Mengetahuinya, harapan Tono tak jadi pupus karena ternyata ada orang-orang yang mau menekuni profesi itu dalam keadaan iklim perbukuan Indonesia yang keadaannya agaknya masih jauh dari kata ideal ini. Tono pun tak sabar memberitahu Jems Bany dan Avav Achir untuk segera meminta bantuan kepada agen-agen sastra tersebut.
Walakin, Tono lalu tersadar: Apa yang harus mereka lakukan jika ingin meminta bantuan agen sastra? Bertanya dengan polos melalui email atau web? Mengontaknya dulu? Mengirim naskahnya langsung? Atau bagaimana?

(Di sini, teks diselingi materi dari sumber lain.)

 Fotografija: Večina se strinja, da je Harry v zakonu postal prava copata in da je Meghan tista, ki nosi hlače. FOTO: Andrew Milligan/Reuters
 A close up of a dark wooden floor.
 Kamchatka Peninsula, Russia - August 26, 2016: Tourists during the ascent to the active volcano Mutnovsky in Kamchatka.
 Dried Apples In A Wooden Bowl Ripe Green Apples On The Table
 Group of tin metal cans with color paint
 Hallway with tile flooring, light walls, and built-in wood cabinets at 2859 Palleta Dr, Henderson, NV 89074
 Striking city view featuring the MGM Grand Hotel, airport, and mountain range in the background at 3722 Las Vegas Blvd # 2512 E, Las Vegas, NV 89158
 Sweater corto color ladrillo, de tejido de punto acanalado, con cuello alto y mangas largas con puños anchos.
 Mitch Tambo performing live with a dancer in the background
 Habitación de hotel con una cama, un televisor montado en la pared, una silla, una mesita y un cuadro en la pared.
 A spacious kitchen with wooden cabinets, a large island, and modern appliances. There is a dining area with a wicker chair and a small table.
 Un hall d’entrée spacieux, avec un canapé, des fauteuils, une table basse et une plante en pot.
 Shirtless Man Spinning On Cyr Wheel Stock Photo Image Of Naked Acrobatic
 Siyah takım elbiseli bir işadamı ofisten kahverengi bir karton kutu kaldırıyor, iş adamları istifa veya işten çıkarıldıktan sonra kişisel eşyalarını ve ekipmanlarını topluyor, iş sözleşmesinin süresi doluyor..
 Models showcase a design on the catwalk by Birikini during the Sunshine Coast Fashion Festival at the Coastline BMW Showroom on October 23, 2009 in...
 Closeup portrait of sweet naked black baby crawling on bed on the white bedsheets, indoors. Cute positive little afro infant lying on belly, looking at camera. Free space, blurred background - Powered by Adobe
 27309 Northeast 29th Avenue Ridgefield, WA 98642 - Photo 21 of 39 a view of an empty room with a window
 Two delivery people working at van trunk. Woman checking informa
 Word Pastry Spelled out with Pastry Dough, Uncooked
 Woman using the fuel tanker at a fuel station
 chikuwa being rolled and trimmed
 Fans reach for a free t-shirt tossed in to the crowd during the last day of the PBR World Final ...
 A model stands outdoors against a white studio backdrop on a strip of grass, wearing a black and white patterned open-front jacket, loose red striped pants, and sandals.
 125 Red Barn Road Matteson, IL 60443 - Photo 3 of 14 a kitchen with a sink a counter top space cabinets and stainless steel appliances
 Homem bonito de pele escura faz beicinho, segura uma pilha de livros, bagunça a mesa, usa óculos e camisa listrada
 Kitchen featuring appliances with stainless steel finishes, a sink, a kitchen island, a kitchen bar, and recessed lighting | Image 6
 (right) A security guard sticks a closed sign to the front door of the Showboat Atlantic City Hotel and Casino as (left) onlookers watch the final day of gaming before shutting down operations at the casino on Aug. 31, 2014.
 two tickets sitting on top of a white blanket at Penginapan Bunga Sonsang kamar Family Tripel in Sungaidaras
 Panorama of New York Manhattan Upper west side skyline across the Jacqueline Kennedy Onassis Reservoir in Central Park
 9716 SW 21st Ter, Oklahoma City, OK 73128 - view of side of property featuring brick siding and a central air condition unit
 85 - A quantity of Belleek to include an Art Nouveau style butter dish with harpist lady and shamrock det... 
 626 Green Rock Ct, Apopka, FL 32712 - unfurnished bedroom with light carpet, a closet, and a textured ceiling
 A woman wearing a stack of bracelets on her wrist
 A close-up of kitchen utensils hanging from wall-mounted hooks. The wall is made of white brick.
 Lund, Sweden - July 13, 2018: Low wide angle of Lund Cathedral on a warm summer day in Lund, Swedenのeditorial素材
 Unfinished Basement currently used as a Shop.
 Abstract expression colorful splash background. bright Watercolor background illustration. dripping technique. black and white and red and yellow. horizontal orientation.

Merasa terpukul dengan pertanyaan-pertanyaan tersebut, kepala Tono terasa pusing seketika. Seakan-akan, apa yang barusan Tono dapatkan belumlah apa-apa, masih jauh dari kata “bisa membantu dua kawannya”.
Tono sebetulnya ingat bahwa Chuck dan Jeff dalam bukunya masing-masing telah memberi penjelasan tentang apa-apa saja yang musti dilakukan penulis-penulis yang ingin meminta bantuan agen sastra. Bahkan, Tono juga sempat menemukan beberapa video di Youtube yang membahas tentang agen sastra yang diisi langsung oleh pendiri Borobudur Agency, Thomas Nung Atasana.
Namun, membaca buku Chuck dan Jeff setebal 435 dan 1053 halaman serta memelototi video-video yang rerata durasinya nyaris satu jam tersebut tak mungkin Tono lakukan saat ini. Tengah malam sudah lewat dan Tono baru ingat bahwa sejak siang tadi ia belum mandi dan makan. Kulitnya yang gatal-gatal, perutnya yang berteriak-teriak, serta matanya yang terasa berat menciptakan suatu sensasi ganjil.
Tapi toh gravitasi kasur terlampau sulit dilawan, membuat Tono akhirnya memutuskan untuk merebahkan badan. Dan, di garis batas antara tidur dan jaga, dalam pikiran Tono tebersit tanya: Tuhan, kenapa manusia ingin terbitkan buku-buku sastra?